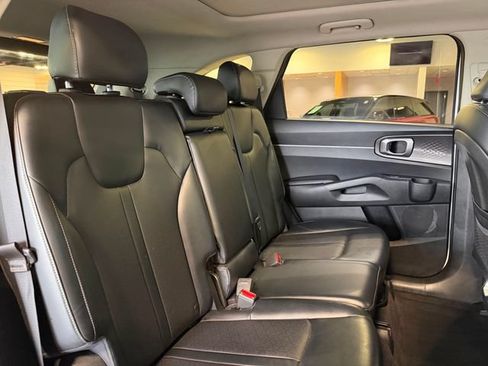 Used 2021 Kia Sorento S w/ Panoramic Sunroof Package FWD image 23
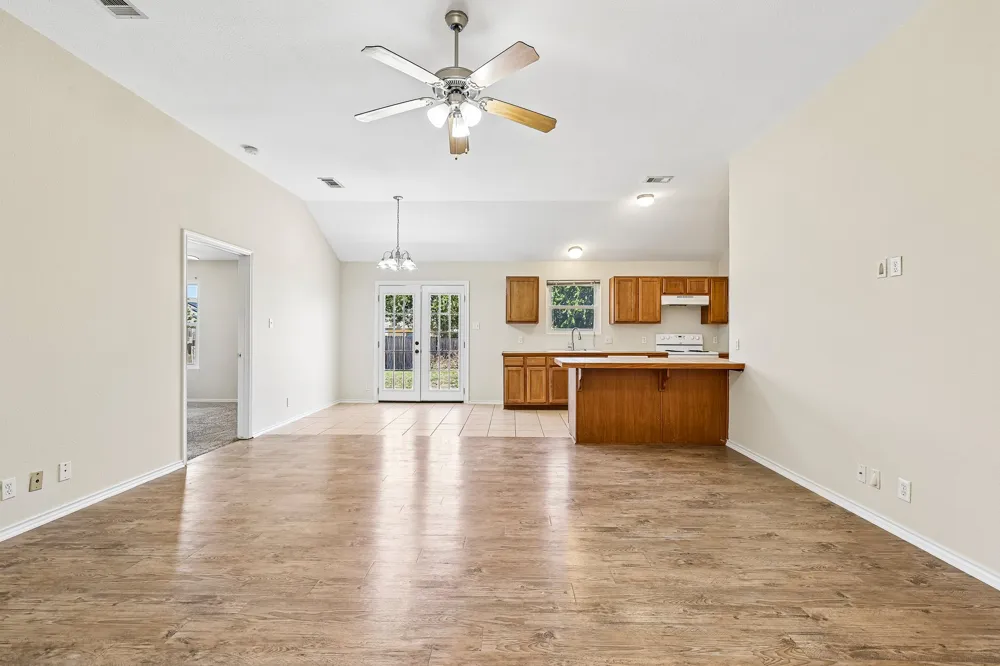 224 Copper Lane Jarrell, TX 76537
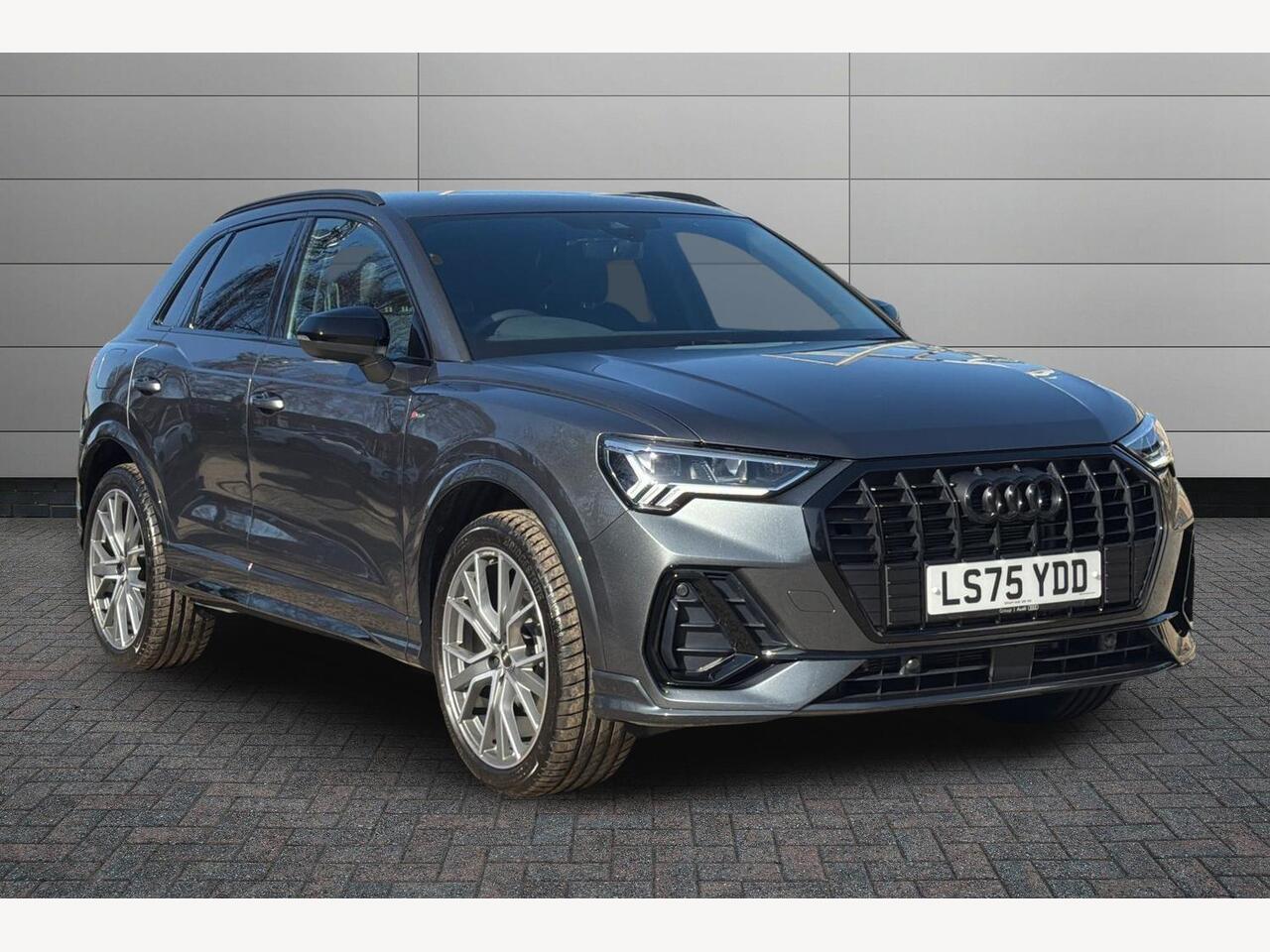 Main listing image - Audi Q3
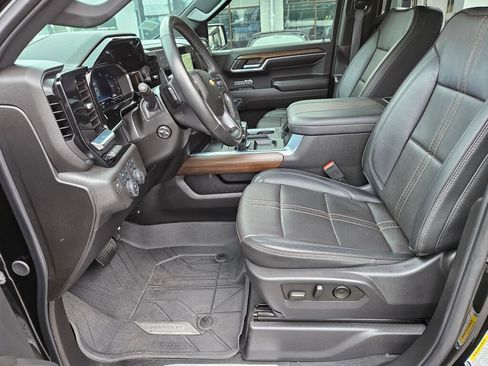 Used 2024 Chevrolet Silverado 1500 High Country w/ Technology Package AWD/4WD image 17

◇ ◇ ◇ ◇ ◇

Problem to solve: Leaving all pictures aside, print exactly the lines from the one that contains "224 Copper Lane Jarrell, TX 76537" through the last line of the data above, inclusive.

Task response:
 224 Copper Lane Jarrell, TX 76537
 Main listing image - Audi Q3
 Used 2024 Chevrolet Silverado 1500 High Country w/ Technology Package AWD/4WD image 17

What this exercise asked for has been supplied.